Work task
Pictures appear among the records below and must be omitted. Repeat exactly the lines from the line with "Royalty-Free (RF) Coffee" to the line with "Uno Hawker Hunter", both included.

Provided information
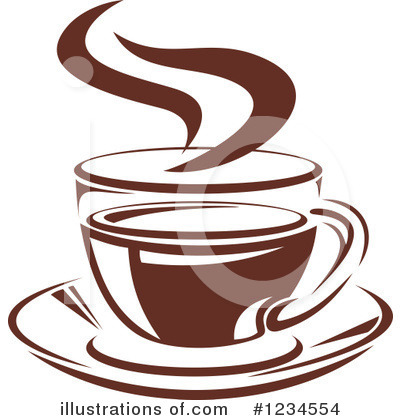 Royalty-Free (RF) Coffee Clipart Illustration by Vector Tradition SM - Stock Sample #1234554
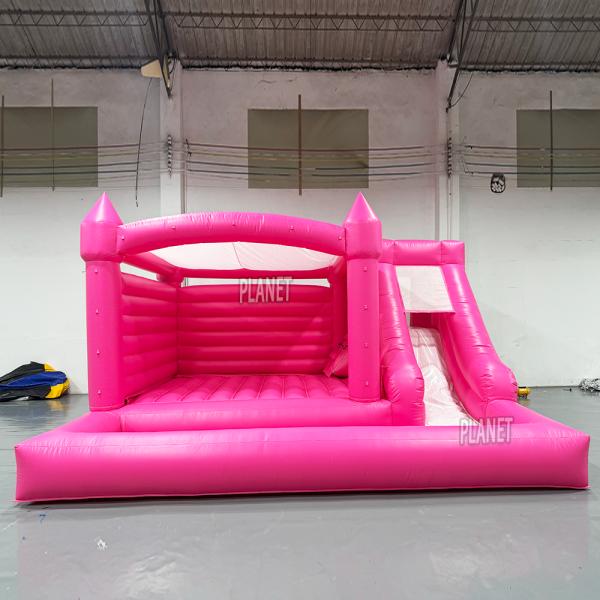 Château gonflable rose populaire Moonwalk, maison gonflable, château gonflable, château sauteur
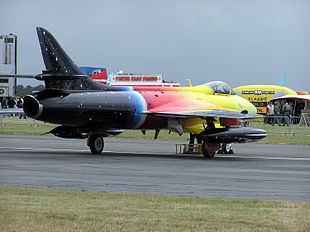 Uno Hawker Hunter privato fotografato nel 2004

--

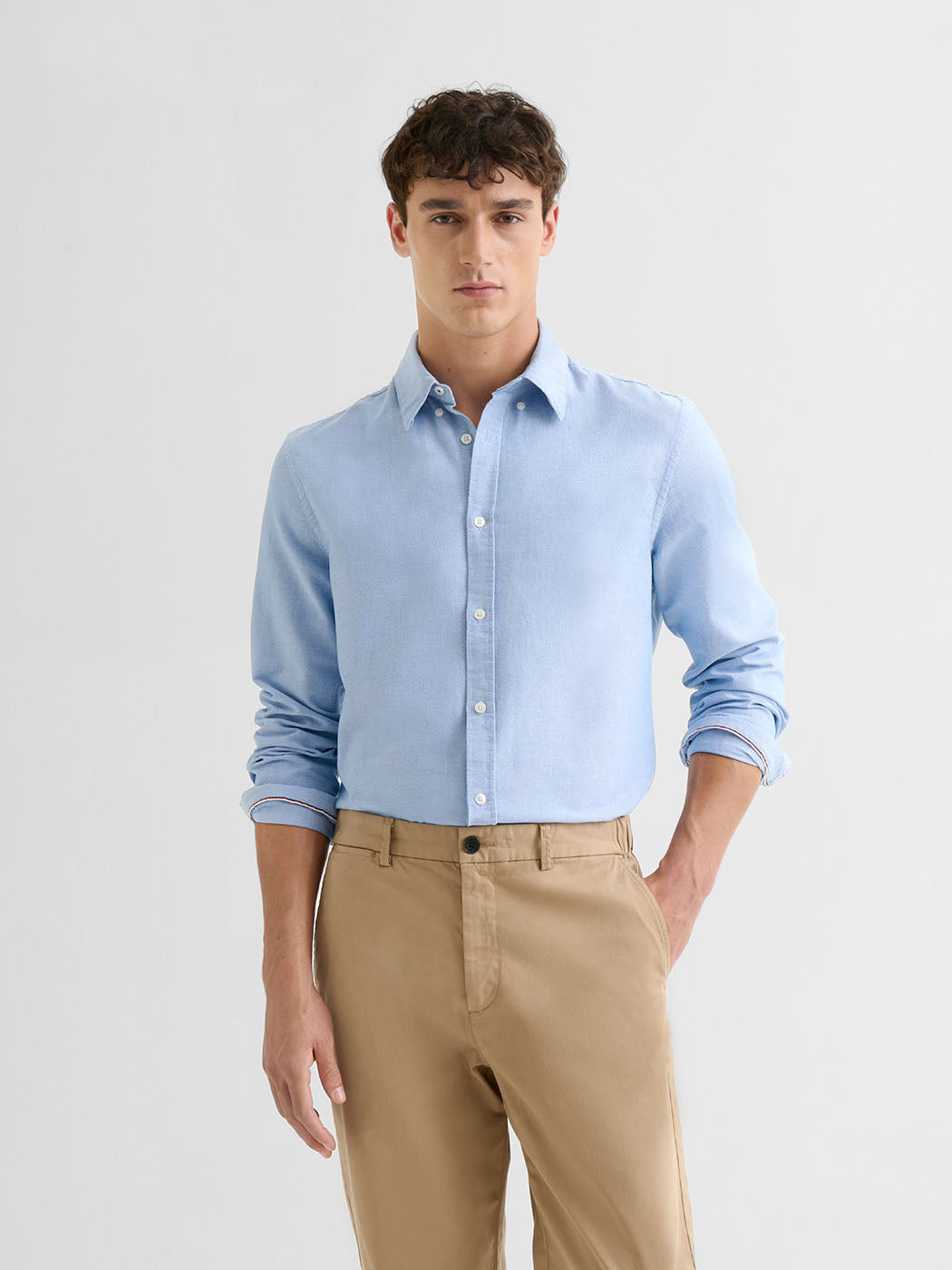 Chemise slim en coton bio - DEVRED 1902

Answer section
 Royalty-Free (RF) Coffee Clipart Illustration by Vector Tradition SM - Stock Sample #1234554
 Château gonflable rose populaire Moonwalk, maison gonflable, château gonflable, château sauteur
 Uno Hawker Hunter privato fotografato nel 2004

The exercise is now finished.